PROBLEM DETAILS: What is needed is an exact copy of the whole listing below, with no pictures.

RAW DATA:
# # # #

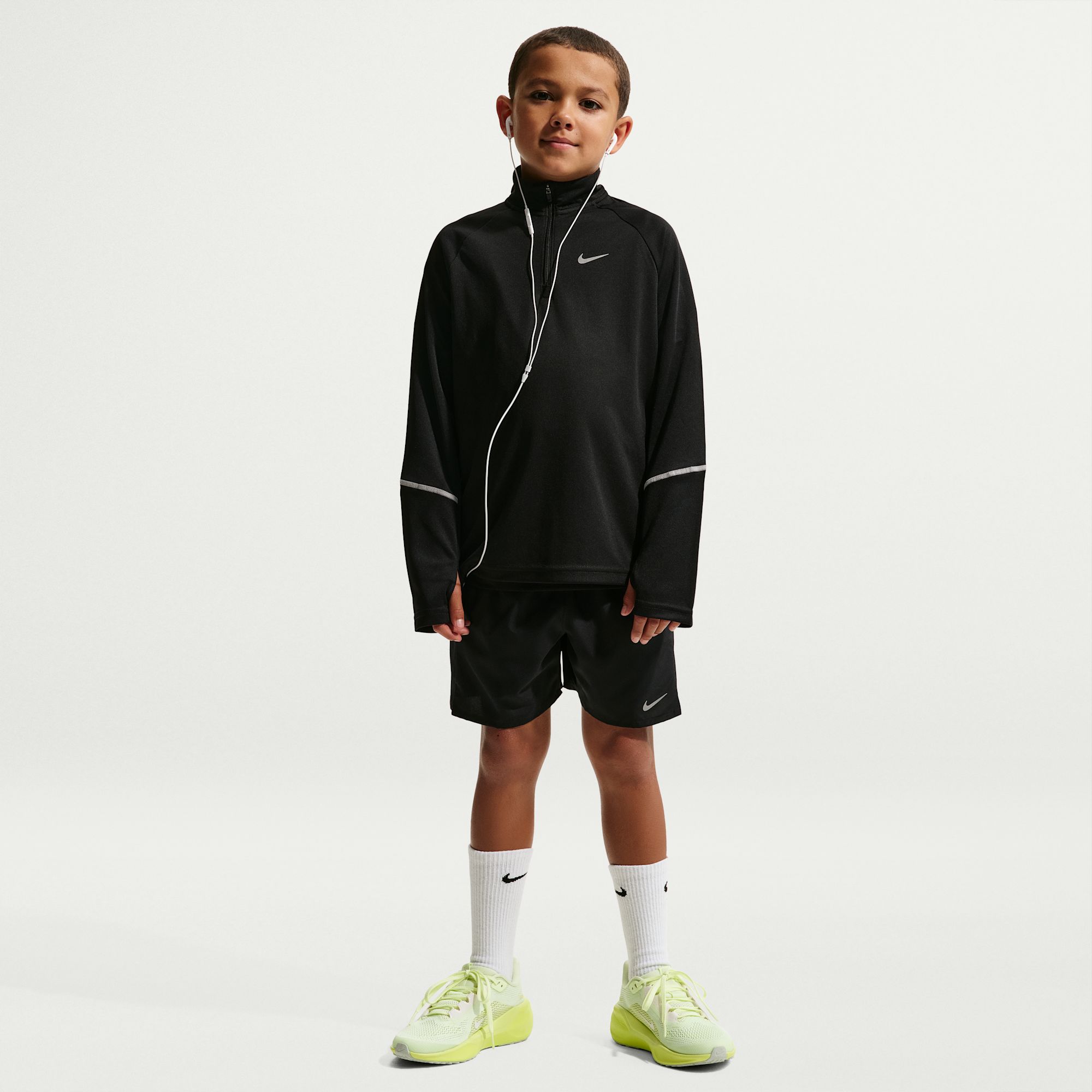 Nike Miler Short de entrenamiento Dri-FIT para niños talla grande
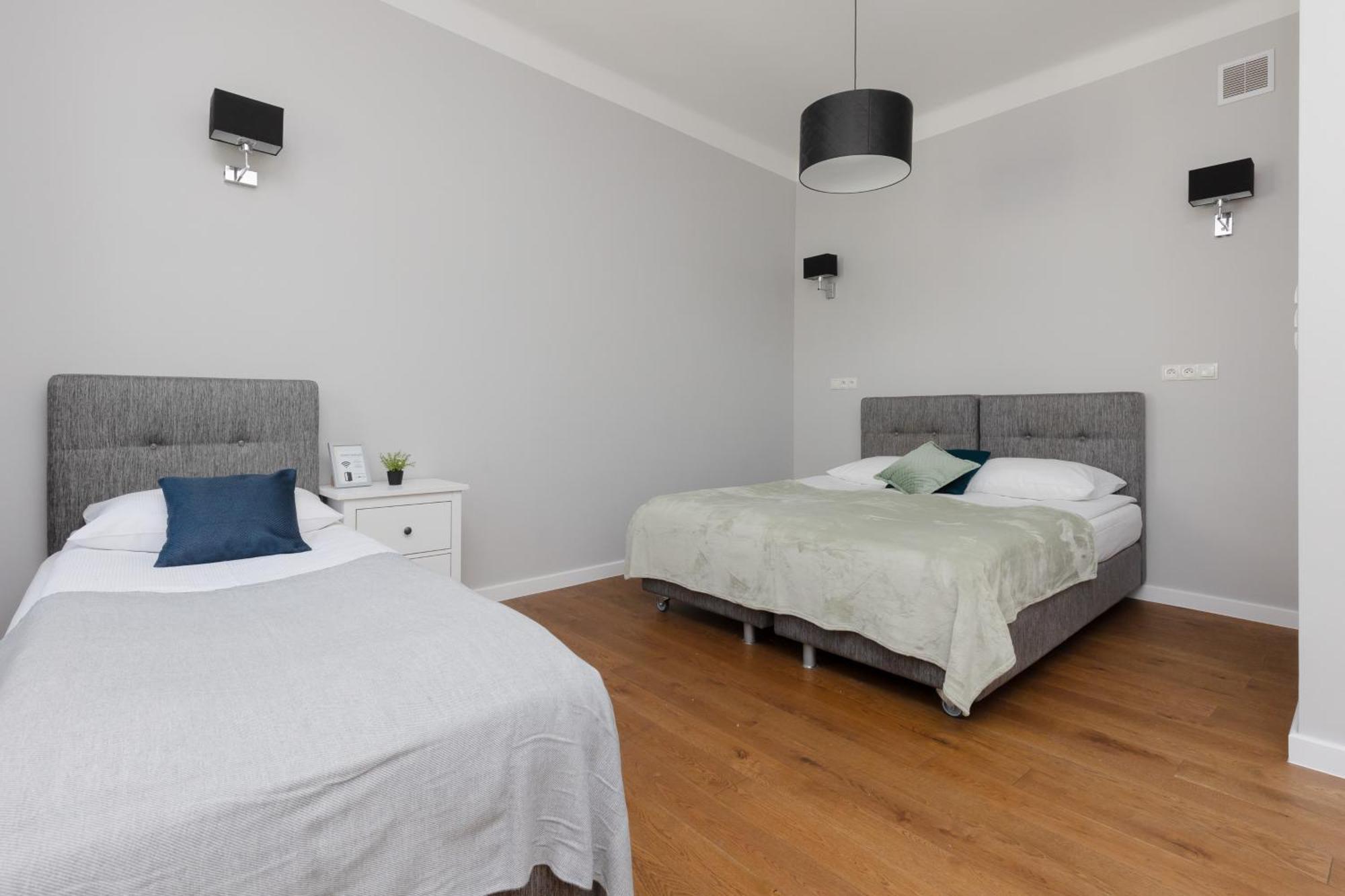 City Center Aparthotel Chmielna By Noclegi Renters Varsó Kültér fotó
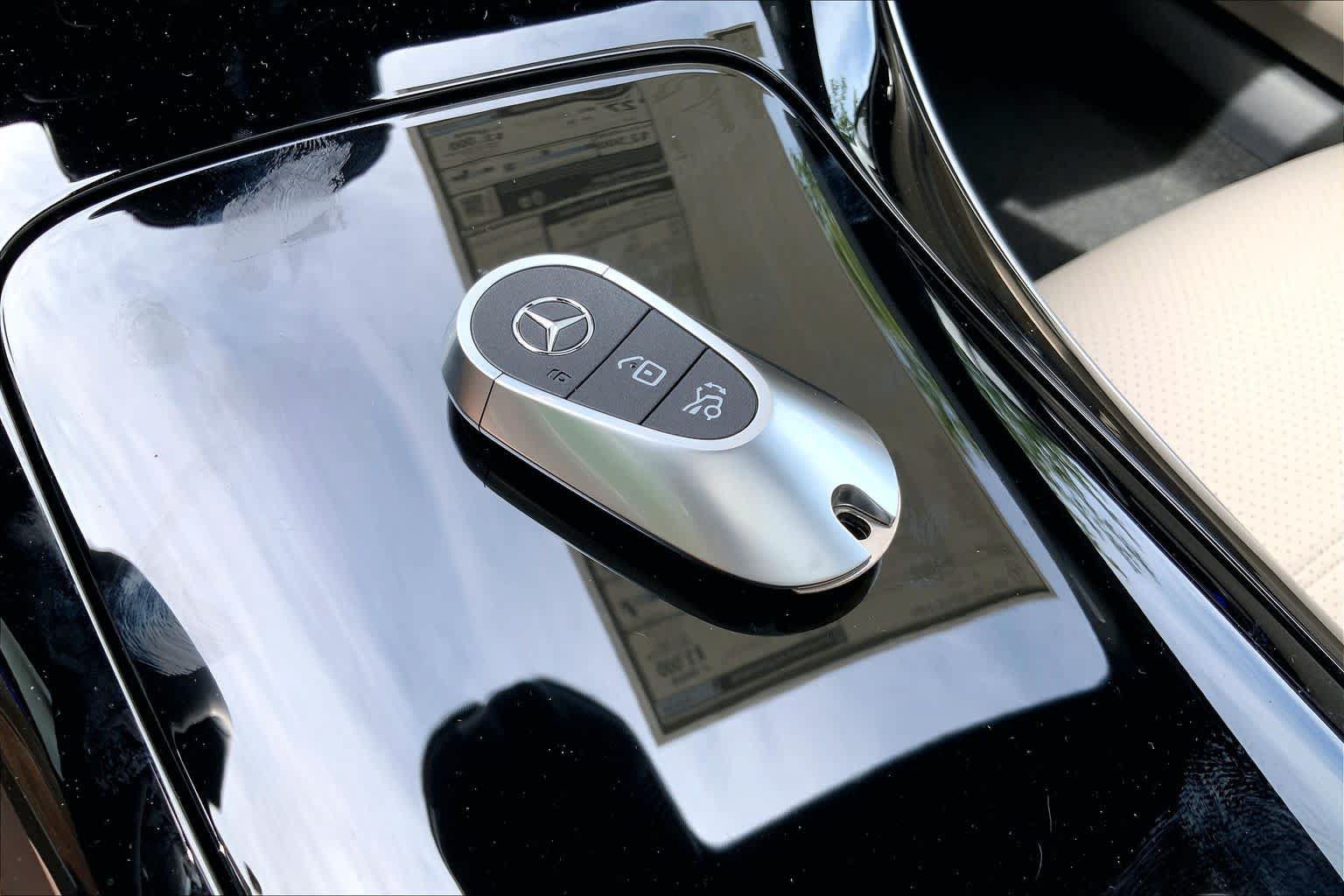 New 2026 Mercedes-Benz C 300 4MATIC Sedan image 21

# # # #

ANSWER SECTION:
 Nike Miler Short de entrenamiento Dri-FIT para niños talla grande
 City Center Aparthotel Chmielna By Noclegi Renters Varsó Kültér fotó
 New 2026 Mercedes-Benz C 300 4MATIC Sedan image 21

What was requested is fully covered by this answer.